One of the good things about recovery is you can ask someone to do this: a sponsor. I’ve been lucky enough to have a couple of friends who don’t feel shy about telling me like it is.  Early in sobriety any sort of  feedback was instantly and viscerally registered as a dire threat to my very being.  Oh so dramatically my body would react – my heartrate sped up, my hands clenched – huge shame and even terror.  They’ve found me out!

I remember making a new friend in my first few years of sobriety. She was not a recovering person herself- just someone at work that I felt a kinship with.  She was also someone who never talked behind your back. She didn’t have to, because she told you when she was upset with you right to your face. I had to admire her. I was a life-long coward when it came to confrontation.  I always preferred stewing and private righteous indignation.

After a while I noticed her comments or “feedback” didn’t bother me so much. I actually listened to it. I knew she cared about me and it wasn’t just a personal attack.  I will always cherish that friendship. Even after leaving NYC – now 15 years later – we still talk on the phone on a regular basis.  I know she will never lie to me. I know she will never let me get away with bs. She is utterly honest.

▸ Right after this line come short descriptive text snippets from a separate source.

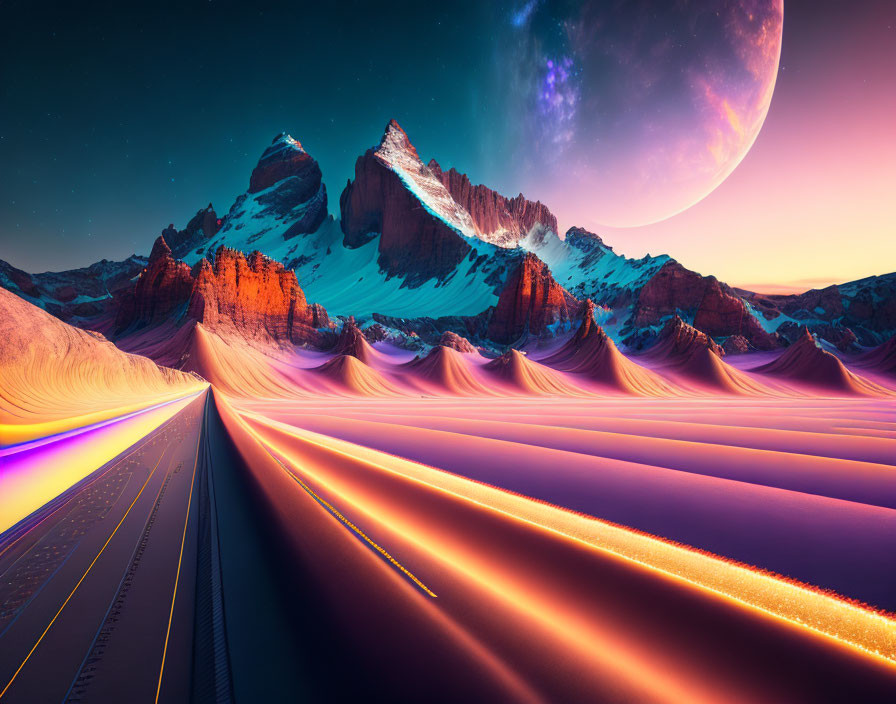 Surreal landscape with road, mountains, starry sky, and glowing sand dunes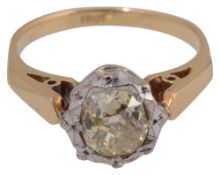 A diamond single stone ring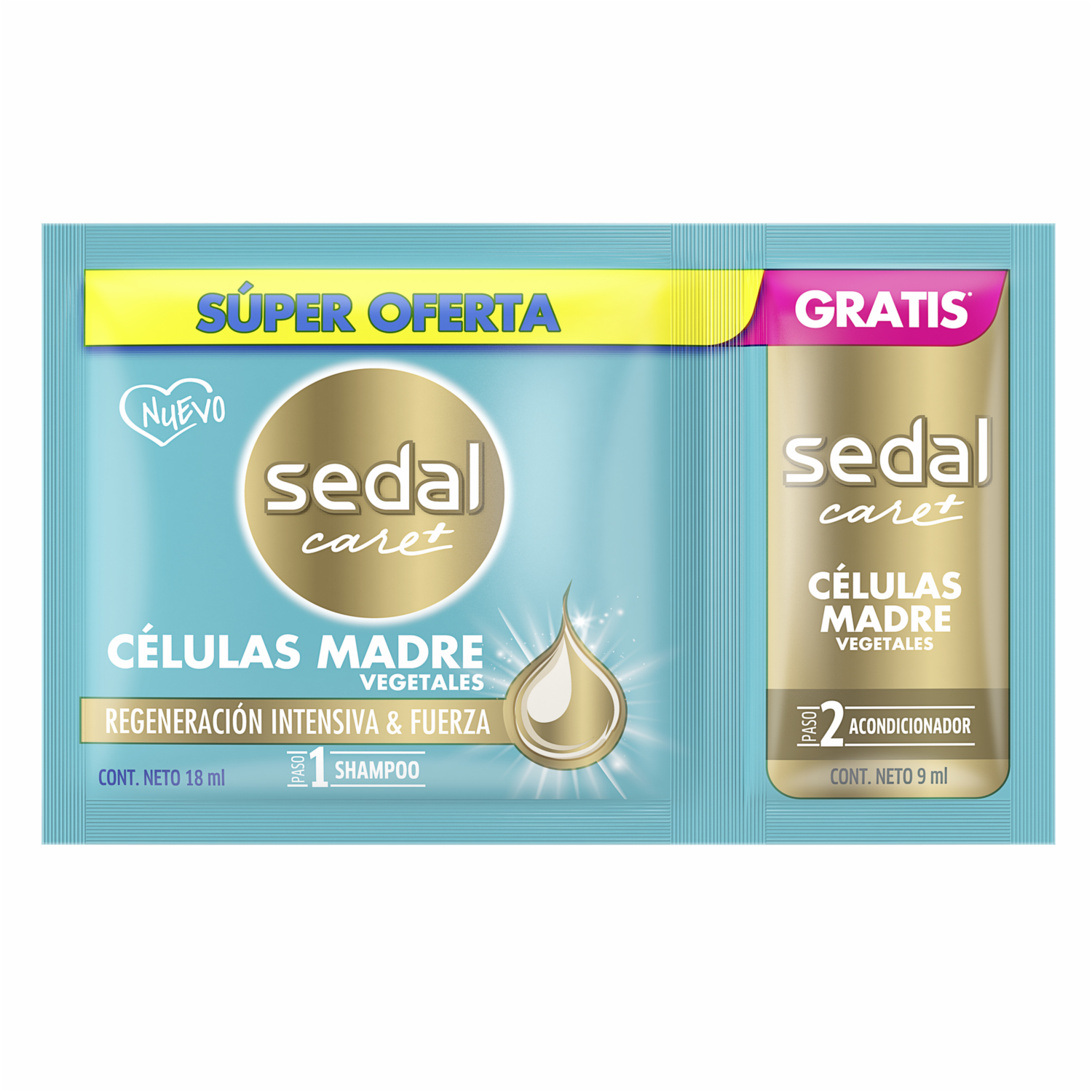 Shampoo Y Acondicionador Células Madre Vegetales SEDAL 2 x 9 Ml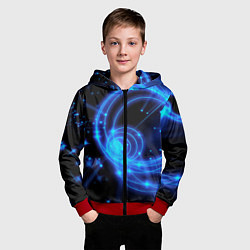Толстовка на молнии детская Неоновый космос Neon space, цвет: 3D-красный — фото 2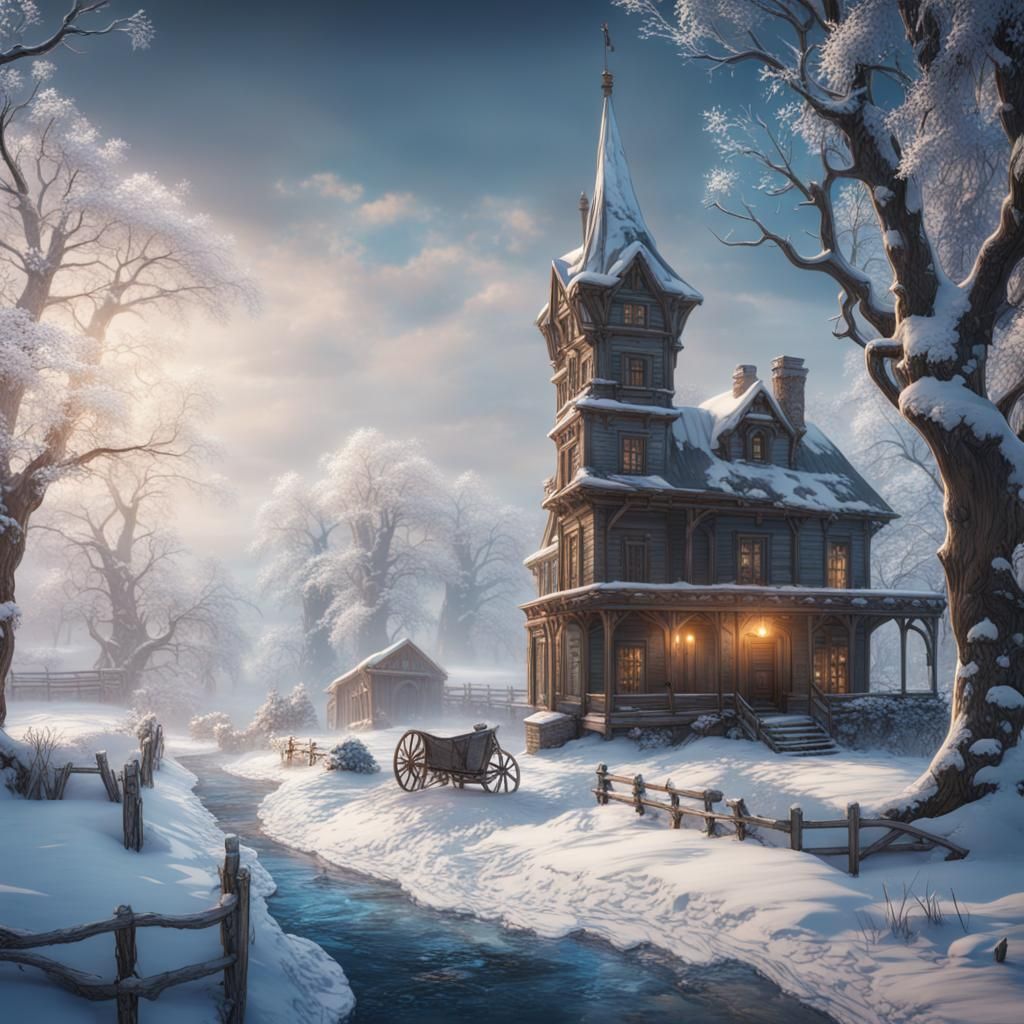 Winter Countryside Matte Painting in Early 1900s Style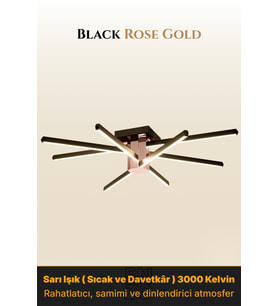 Nova 8 Rose Gold LED Tavan Avize – Kumandalı Dim Edilebilir – Aşağı Işık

Now, a lot of people couldn’t take her. She made some enemies. Face it: most people don’t like honesty. We would often rather not know we have done something annoying/stupid/bothersome.

I am going to recount a particular scene where this fact played out in a group.  One day at work I wasn’t feeling up to going out to lunch. My friend brought me back some soup, which I heated up in a pan.  I settled down to eat my soup.  She showed up at my office door with the dirty pan and said, “I ought to shove this pan up you $&#(#$. ”

A bunch of other people heard and gasped in horror, ready for the ensuing fight. I burst into laughter. She was absolutely right.  And I said so: You’re right! I’m sorry. I took the pan from her and washed it so she could make her soup.

Quite a few people whispered about this – how could I let her speak to me that way?  What way? I questioned. She did a very nice thing of bringing me back this soup, and I repaid her by leaving her my dirty pan so she would have to wash it to heat her soup.

I guess at that point we were such good friends that she rarely made me angry – I got her. I accepted her. And I loved her honesty.  I also recognized at that moment that I was becoming someone else. I was no longer the terrified child trembling in the corner at the least criticism. Growth!  Woo hoo!

It might sound small (and some might even think – yea, why DID you let her talk to you that way?), but it was a profound revelation at the time: I no longer felt like a victim. Because of that, I have been able to develop many deep and truly powerful friendships with people who tell it like it is. I feel lucky to have people who care about me that much in my life.